3.3 Temporal attention mechanism

Group activities have different important stages in their temporal span. For example, in a volleyball spiking activity, the frames in close temporal proximity to the instant that the player strikes the ball are typically more important than rest of the frames. Directing the model to attend to features from the most important frames prevents the model from overfitting to less important frames which may contain irrelevant information. Hard attention-based methods such as [29, 37] detect a specific set of video frames that maximally contribute to the final prediction. Rather than selecting a small number of frames to keep for further analysis and discarding the rest, we propose a soft self-attention mechanism which assigns an importance weight to every frame.

The attention mechanism we have employed in POGARS contains a set of linear layers and a softmax layer. Given the feature embedding of individuals F , temporal attention is computed as:

$$\begin{aligned} F' = \text {softmax}\,(\phi (F)) \odot F \end{aligned}$$
(1)

where \(\phi \) is the temporal attention function (modeled using linear layers). Computed temporal attention weights are multiplied element-wise across the time dimension with the feature embedding F. This produces \(F'\in \mathbb {R}^{N\times 64\times T}\)which is the feature embedding of the video clip weighted according to frame-wise temporal importance.

3.4 Temporal evolutions of individuals based on tracked pose

Fig. 3
figure 3

Composition of a single convolutional block of POGARS

In the proposed method, people in the video clip are represented by feature embeddings of their respective tracked poses. Learning temporal evolution of the pose and position dynamics of individuals is critical for predicting the collective activity performed by the group. We employed 1D CNNs to model the temporal evolutions of individuals instead of RNNs, based on the study we did with different POGARS architectures. In contrast to RNNs, the ability of 1D CNNs to learn deep related temporal features and translational equivariance makes them a better fit for representing fine grained pose and position evolutions of individuals across time. Figure 3 shows the composition of convolutional blocks used in POGARS. Each convolutional block consists of 3 1D CNN layers with a skip connection, and POGARS contains 4 such blocks stacked together. The stack takes the post-attention feature embeddings \(F'\) as input and analyzes the motion of individuals by producing a temporally convolved feature representation \(E\in \mathbb {R}^{N\times 1024\times T}\).

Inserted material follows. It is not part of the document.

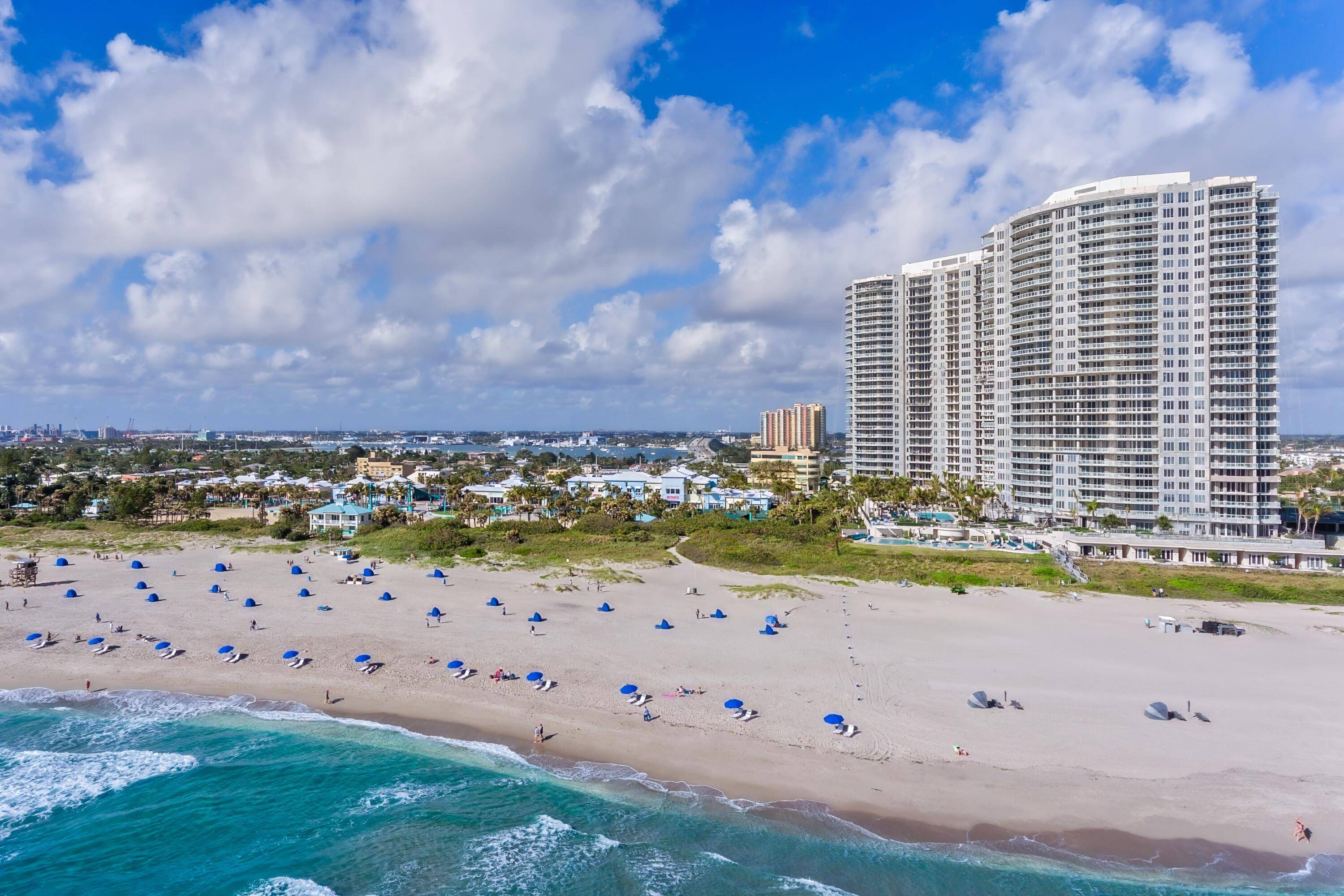 Welcome to a luxurious beachfront oasis located directly on the sands of Singer Island.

3.5 Spatial attention mechanism

In POGARS, we employ a spatial attention mechanism that uses temporally convolved feature extractions of each individual to identify each person’s importance score for the particular group activity. Our spatial attention block contains a set of linear layers and a softmax layer. Temporally convolved feature embeddings E are average pooled in the time dimension to produce a feature embedding for each person in the video clip \(\hat{E}\in \mathbb {R}^{N\times 1024\times 1}\) where N is the number of individuals in the video. The spatial attention is computed as:

$$\begin{aligned} \hat{E'} = \text {softmax}\,(\psi (\hat{E})) \odot \hat{E} \end{aligned}$$
(2)

where \(\psi \) is the spatial attention function. Computed spatial attention weights are multiplied element-wise across the person dimension with the feature embedding \(\hat{E}\). This produces \(\hat{E'}\in \mathbb {R}^{N\times 1024\times 1}\) which is the feature embedding of all individuals in the video clip weighted accordingly to each person’s importance.

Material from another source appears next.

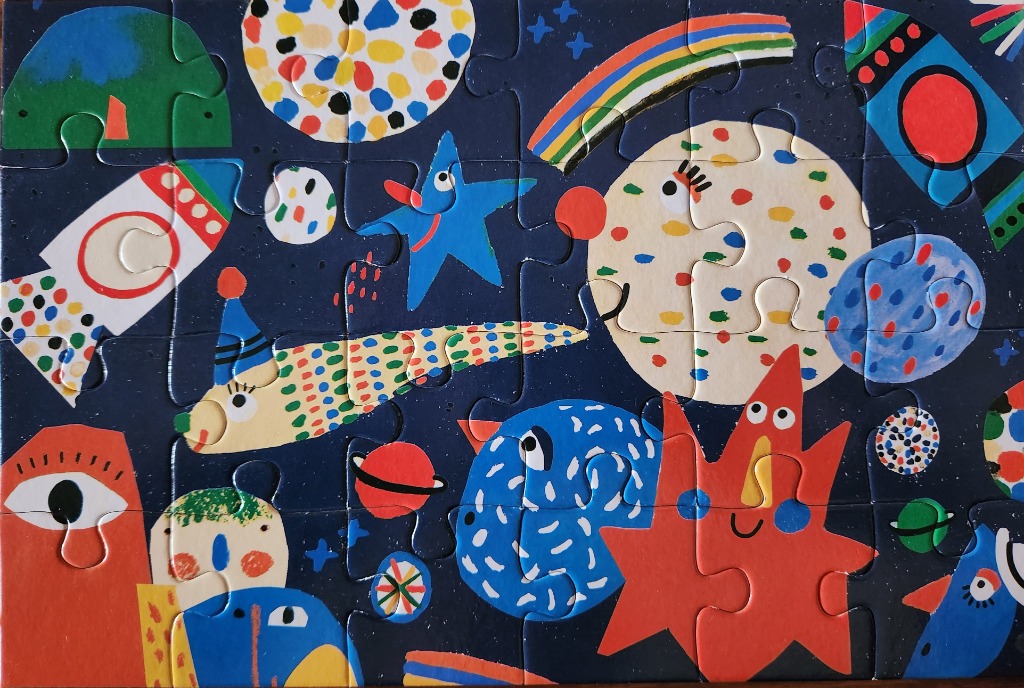 Whimsical, colourful cartoon space scene featuring planets, rockets, and smiling creatures against a dark blue background.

3.6 Multi-task learning for group activity recognition and individual action recognition

In parallel to learning the collective activity label, POGARS uses parameter sharing to also predict the individual actions of each person in the video clip. The average pooled feature representation is shared between two task-specific linear layer stacks. One of these layers predicts the group activity label, while the other predicts individual action labels for each person. Feature embeddings used for individual activity recognition are not weighted with the spatial attention mechanism.

In order to train our proposed multi-task model, the losses of group activity recognition task and individual action recognition are optimized simultaneously. Considering \(\mathcal {L}_{IA}\) as the individual action prediction loss and \(\mathcal {L}_{GA}\) as the group activity recognition loss, the multi-task loss function \(\mathcal {L}_{MT}\) of the model is defined as follows:

$$\begin{aligned} \mathcal {L}_{MT} = \alpha \mathcal {L}_{IA} + \mathcal {L}_{GA} \end{aligned}$$
(3)

We used multi-class cross-entropy loss as the loss function for both individual and group activity prediction in our experiments. To achieve the optimum accuracy for group activity recognition, we found that \(\alpha \) set to 2.0 gave the bestresults.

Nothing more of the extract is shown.